Einen Botschafter hat man nicht alle Tage am Mittagstisch. Bei Familie Fell war es am Dienstag soweit. Im Blockhaus am Rod begann Nurlan Onzhanov seine Exkursion zu Stätten regenerativer Energieerzeugung. „Wir sind freundschaftlich miteinander verbunden“, begründete der oberste Repräsentant der Republik Kasachstan in Deutschland seine Aufwartung zum Essen. Gerne sei er von Berlin aufs Land gekommen. „Da fühlt man sich immer locker“, schmunzelt der gut gelaunte Diplomat in Begleitung von Generalkonsul Akhat Alpysbayev.

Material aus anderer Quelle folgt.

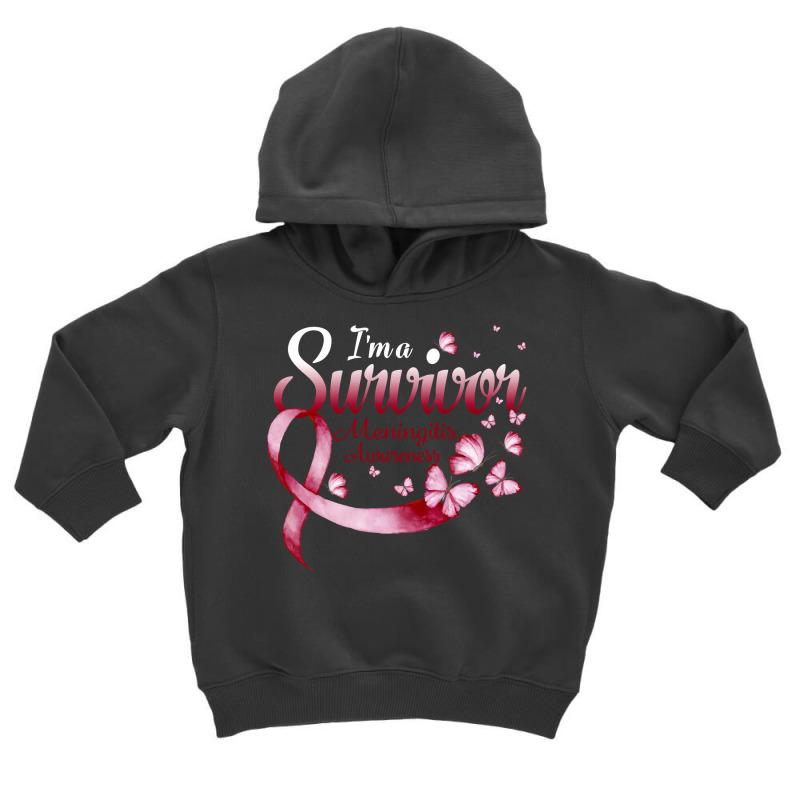 I'm A Survivor Meningitis Awareness Butterfly Long Sleeve T Shirt Toddler Hoodie by cm-arts | Artistshot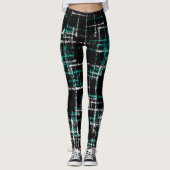 Leggings abstrait blanc turquoise sillonne motif (Devant)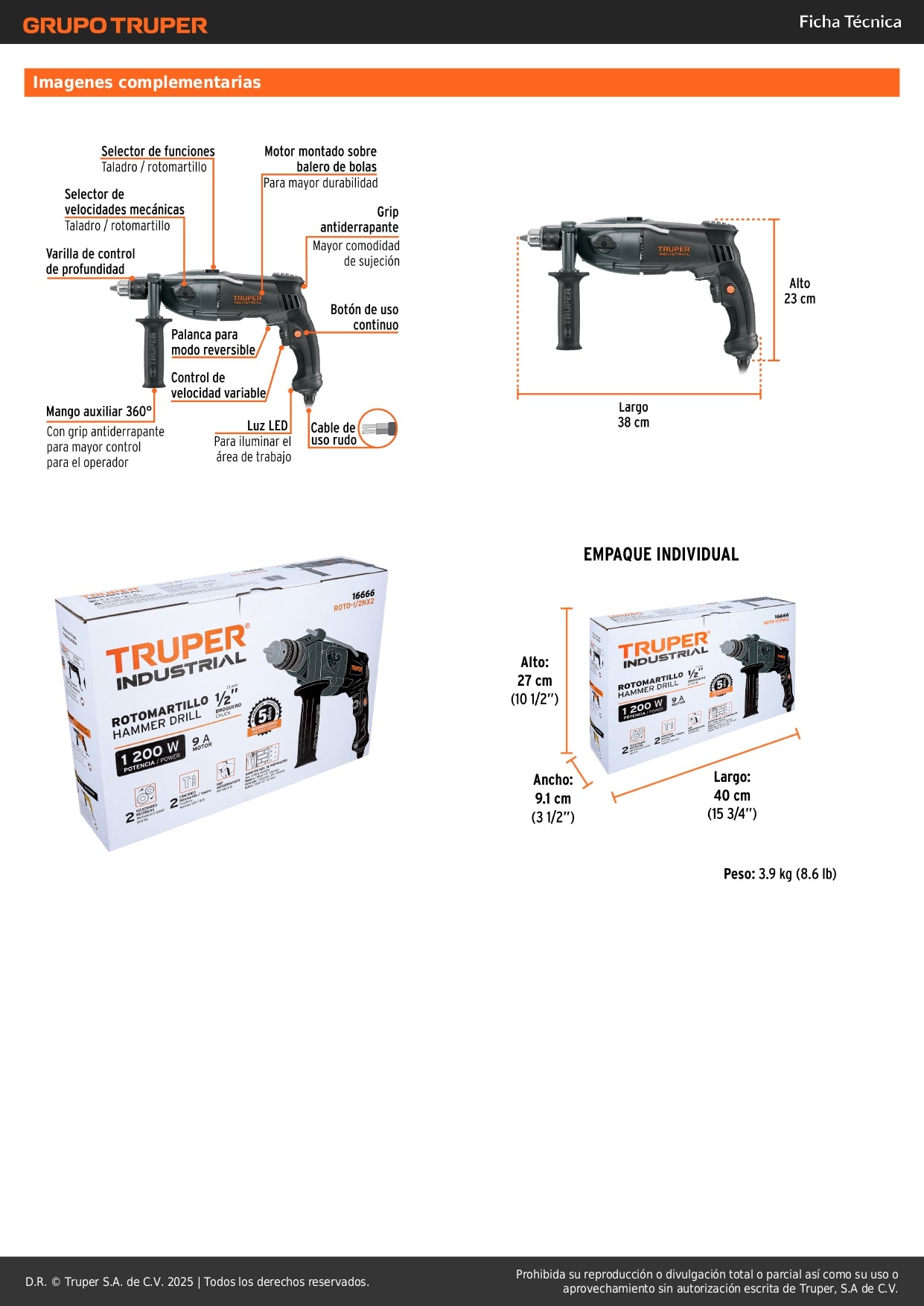 Rotomartillo TRUPER INDUSTRIAL 1/2" 1200W - Taladro Percutor Profesional con Doble Velocidad y Control de Profundidad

Das Diplomaten-Duo bereitet sein Land auf die Weltausstellung 2017 in Astana vor. Sie steht unter dem Motto „Energie der Zukunft“. Dazu werden in der kasachischen Steppe fünf Millionen Besucher erwartet. Bundestagsabgeordneter Hans-Josef Fell (Bündnis 90/Grüne) ist als Berater auserkoren. Er war 2012 bereits zu einem Vorbereitungskongress in Zentralasien.
„Deutschland ist Vorreiter bei erneuerbaren Energien“, lobt Onzhanov beim Pressegespräch in gutem Deutsch. Er habe sich gründlich eingelesen und sei auf der Suche nach Pionieren dieser Entwicklung auf Fell gestoßen. Vom ihm erwartet er Impulse, wie das Thema in seinem Heimatland befördert werden kann.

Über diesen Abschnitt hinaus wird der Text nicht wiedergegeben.